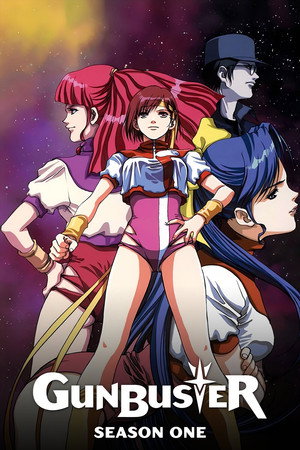 Gunbuster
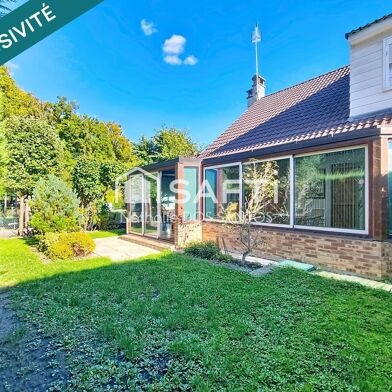 Maison 4 pièces 319000 €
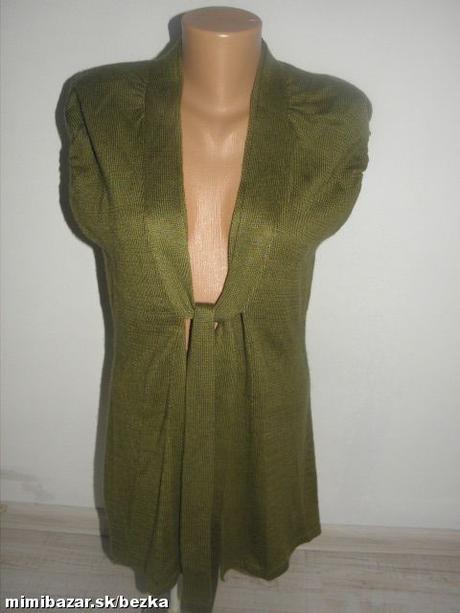 Vestička, promod,40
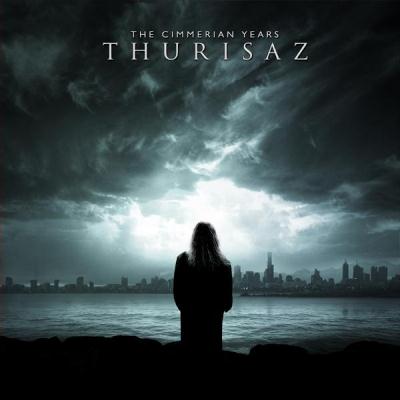 Thurisaz: "The Cimmerian Years" – 2011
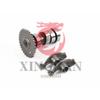 Scooter Engine Camshaft Rocker Arm Valve And Valve Guide For SUZUKI HAOJUE AN125 HS125T-2 QS150T HJ125T-3 HJ125T-7 HJ125T-8/8A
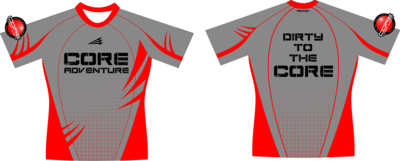 Core Adventure OCR Jersey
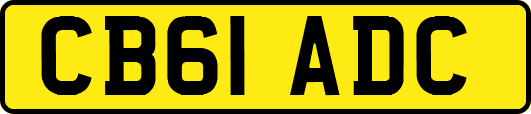 CB61ADC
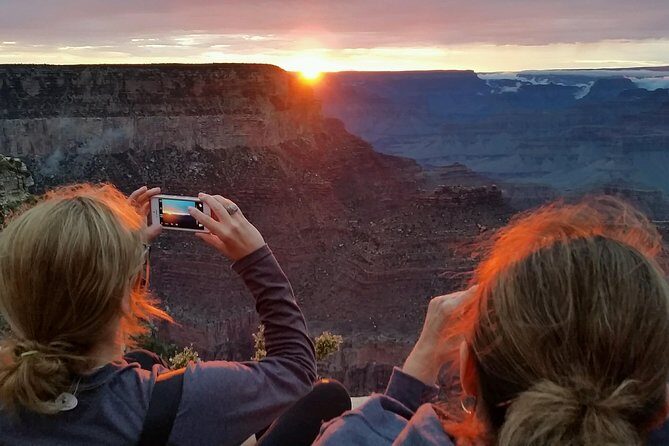 Grand Canyon Sunset Tour from Flagstaff - FAQ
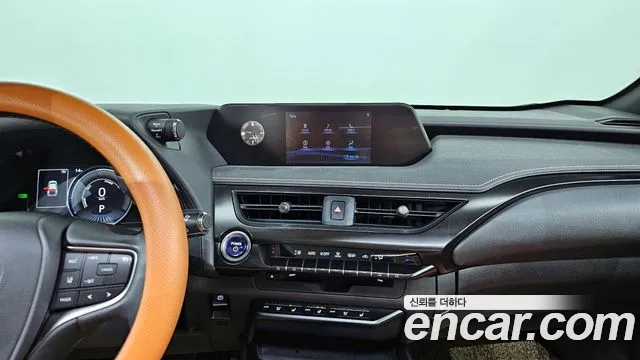 Lexus UX250h id 2674486 из Кореи 15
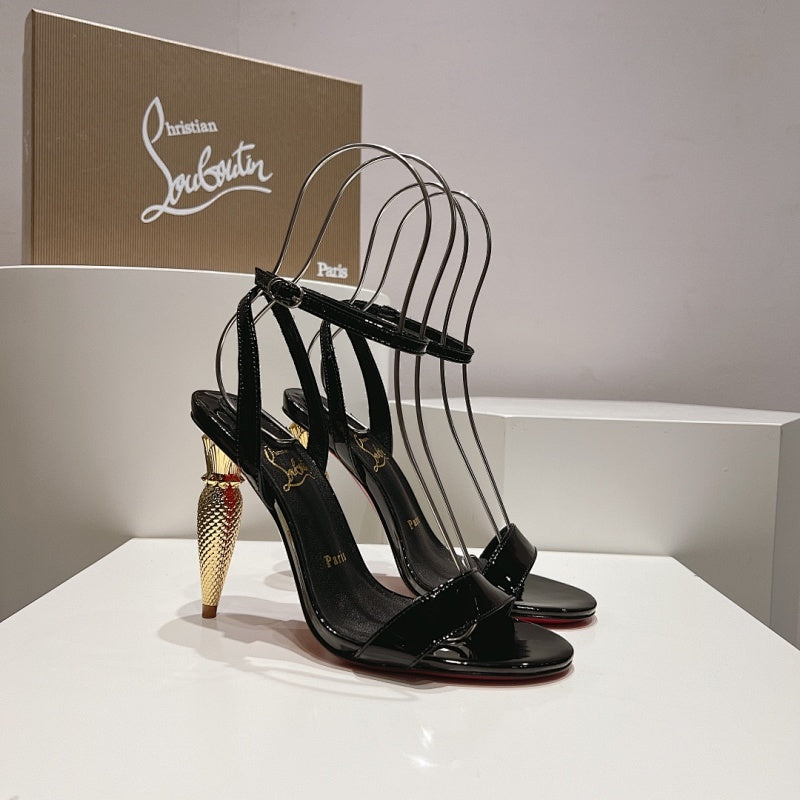 Mila's Edit - Best High-End Brands in One Place - AFFORDABLE LUXURY HEELS - 8029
=======
_Task goal_
The response is the full listing, copied exactly, with the pictures omitted.

_Exercise solution_
 Gunbuster
 Maison 4 pièces 319000 €
 Vestička, promod,40
 Thurisaz: "The Cimmerian Years" – 2011
 Scooter Engine Camshaft Rocker Arm Valve And Valve Guide For SUZUKI HAOJUE AN125 HS125T-2 QS150T HJ125T-3 HJ125T-7 HJ125T-8/8A
 Core Adventure OCR Jersey
 CB61ADC
 Grand Canyon Sunset Tour from Flagstaff - FAQ
 Lexus UX250h id 2674486 из Кореи 15
 Mila's Edit - Best High-End Brands in One Place - AFFORDABLE LUXURY HEELS - 8029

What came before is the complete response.